Le 27 septembre prochain, sera célébrée la Journée mondiale du Tourisme. A cette occasion, le Saint-Père désire vous faire parvenir, par mon intermédiaire, son salut cordial, ainsi que le souhait que cette occasion contribue à développer les valeurs positives du phénomène du tourisme.

L'un des phénomènes socio-culturels les plus marquants que le XX siècle ait transmis au XXI siècle est l'affirmation progressive de la femme comme sujet créateur dans l'histoire humaine. Le Bienheureux Jean XXIII signalait déjà dans son Encyclique Pacem in terris l'"entrée de la femme dans la vie publique" comme signe caractéristique des temps modernes et soulignait:  "De plus en plus consciente de sa dignité humaine, la femme n'admet plus d'être considérée comme un instrument; elle exige qu'on la traite comme une personne aussi bien au foyer que dans la vie publique" (n. 41). C'est donc de façon opportune que l'Organisation mondiale du Tourisme propose cette année comme thème de réflexion:  Le tourisme, une porte ouverte pour les femmes. Il s'agit là d'une heureuse et importante occasion de réfléchir sur les divers aspects du problème, non seulement en ce qui concerne la réalité complexe du tourisme moderne, mais également pour prendre en considération de façon plus générale la reconnaissance concrète des exigences découlant de la dignité propre à la femme.

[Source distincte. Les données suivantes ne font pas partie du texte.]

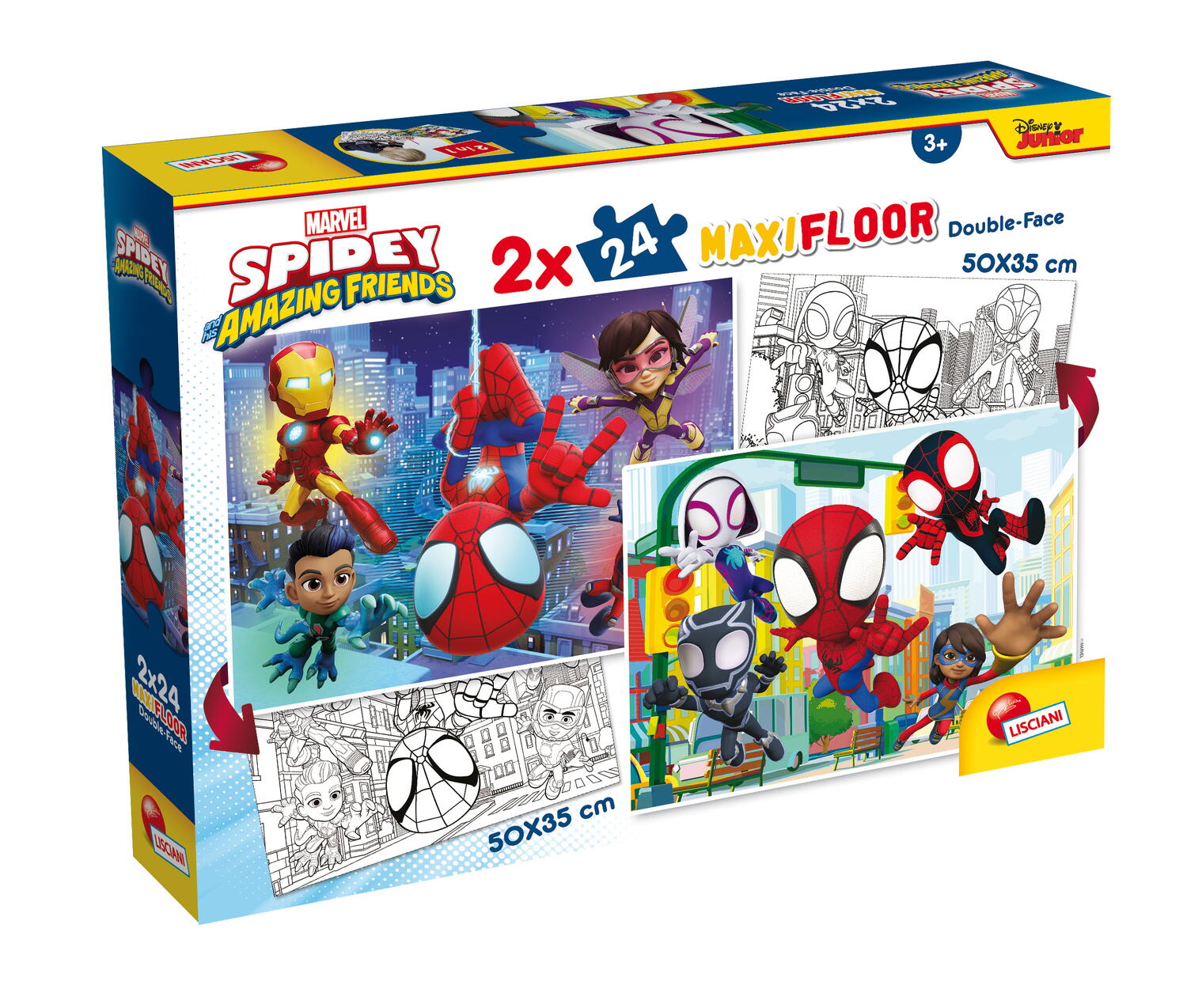 Jucarii Educative - Puzzle de colorat maxi - Paienjenelul Marvel si prietenii lui uimitori (2 x 24 de piese)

Les statistiques les plus récentes publiées par l'Organisation mondiale du Tourisme montrent que, en dépit des variations selon les pays et les zones géographiques, environ 46% de la force de travail de l'industrie touristique dans le monde sont des femmes. Toutefois, les modalités d'emplois varient en raison de la très forte incidence des facteurs culturels, sociaux et religieux sur la situation historique de la femme. Les résultats positifs obtenus, sur le plan économique et financier, dans le secteur public et privé, ainsi que l'extrême flexibilité du secteur touristique, expliquent cette croissance mondiale et rapide. C'est pour cette raison que le tourisme, bien qu'ayant encore grand besoin de garanties législatives, culturelles et morales, représente toutefois une porte ouverte offrant des occasions propices pour l'affirmation des femmes, partout dans le monde.

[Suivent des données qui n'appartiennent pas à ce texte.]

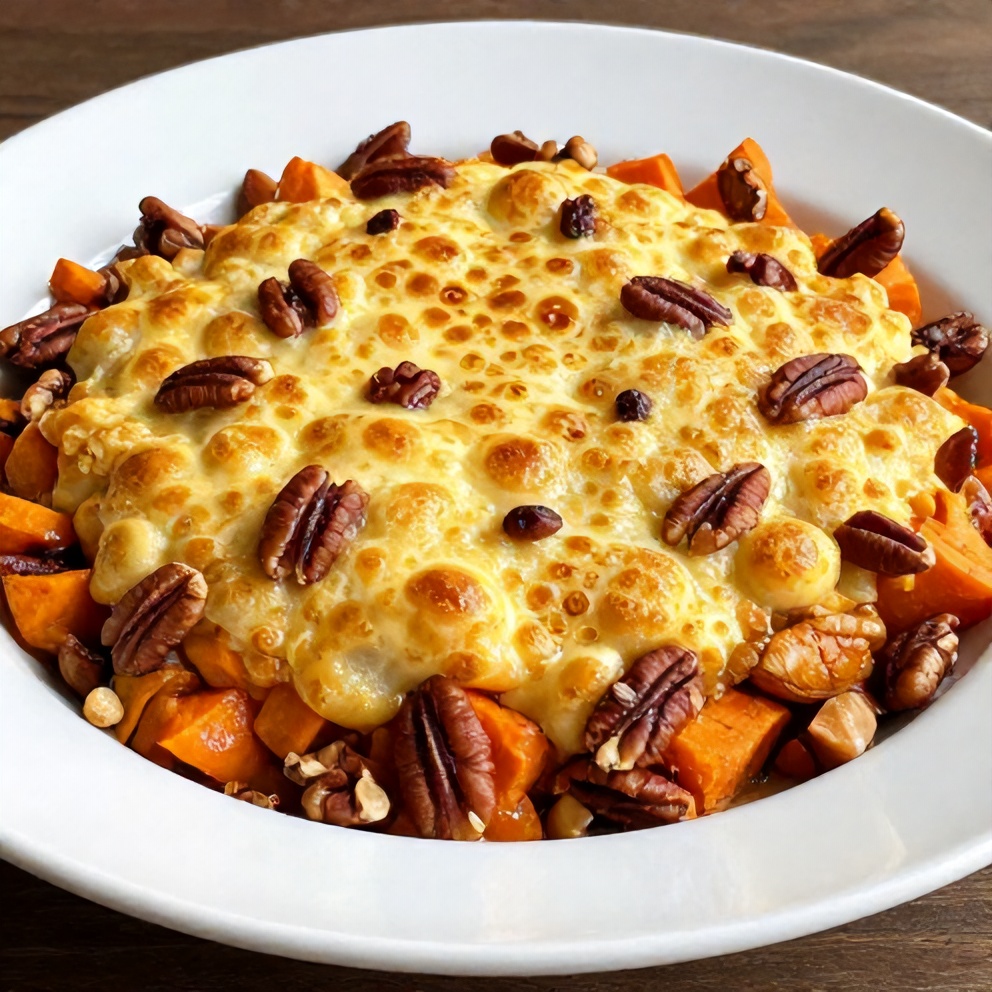 Plated serving of sweet potato casserole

Tous  ceux  qui  entreprennent   un voyage dans le cadre du tourisme, du travail ou des vacances, gardent en mémoire l'image de femmes qui sont intervenues au cours des divers moments du voyage pour accomplir une fonction spécifique. Ce peut être l'employée de l'agence, l'hôtesse de l'avion, l'accompagnatrice du tour, la serveuse du restaurant, la femme de chambre, la directrice de l'hôtel, le guide d'un musée, ou encore l'humble marchande de produits et d'objets d'artisanat locaux:  il s'agit de présences ayant des rôles divers, qui ne doivent toutefois jamais s'opposer à la dignité propre à toute femme. Il faut malheureusement reconnaître que, en dépit de cette présence nombreuse et efficace des femmes, persiste dans de nombreux cas une discrimination verticale de la femme dans la gestion directoriale et dans la responsabilité managériale du secteur du tourisme. Ce phénomène négatif doit être attribué aux profonds préjugés qui contribuent encore à la persistance de stéréotypes et à l'assignation traditionnelle des rôles subalternes selon le genre. Cela est vrai partout, mais en particulier dans les parties du monde où la considération morale, culturelle et civile de la femme la place en condition de minorité et de profonde injustice. Toutefois, la grande quantité d'hommes et de femmes qui parcourent le monde dans le cadre du tourisme, suscite une confrontation des mentalités, conduit à l'internationalisation croissante des modèles de vie et fait découvrir des coutumes différentes.

Tout cela laisse supposer de possibles développements positifs. Pour les réaliser, les responsables de l'Organisation mondiale du Tourisme, les Etats nationaux et les Organismes régionaux, les grandes entreprises du secteur, les syndicats, et les Associations du tourisme doivent créer des structures et consacrer des ressources économiques pour protéger, développer et maintenir vivante l'exigence morale, culturelle et sociale du respect de la femme et de sa croissance réelle dans ce secteur.

Chaque touriste, quels que soient la religion, la classe sociale ou le continent auxquels il appartient, doit également se sentir en conscience interpellé par cet engagement responsable de protection et de promotion de la femme:  personne ne peut s'en considérer exempté! A cet égard, il faut œuvrer en vue d'une égalité réelle des droits des femmes, en garantissant leur parité dans le travail, leur liberté religieuse, le respect de leurs exigences liées à la maternité et un salaire équitable. Il faut favoriser de façon concrète le droit aux études et à la qualification professionnelle de la jeune fille et de la femme, en luttant au moyen d'une législation positive et concordante contre toute forme d'exploitation injuste de son genre et de commerce indigne de son corps. En effet, il faut dénoncer le scandale intolérable d'un certain tourisme sexuel qui humilie les femmes, les réduisant pratiquement à l'état d'esclavage. Il faut faire tout le nécessaire afin que le tourisme ne tombe pas dans une telle dérive, mais vise toujours à être l'occasion d'un dialogue fructueux entre des civilisations diverses qui puissent, grâce à cette rencontre, s'ennoblir et s'enrichir réciproquement.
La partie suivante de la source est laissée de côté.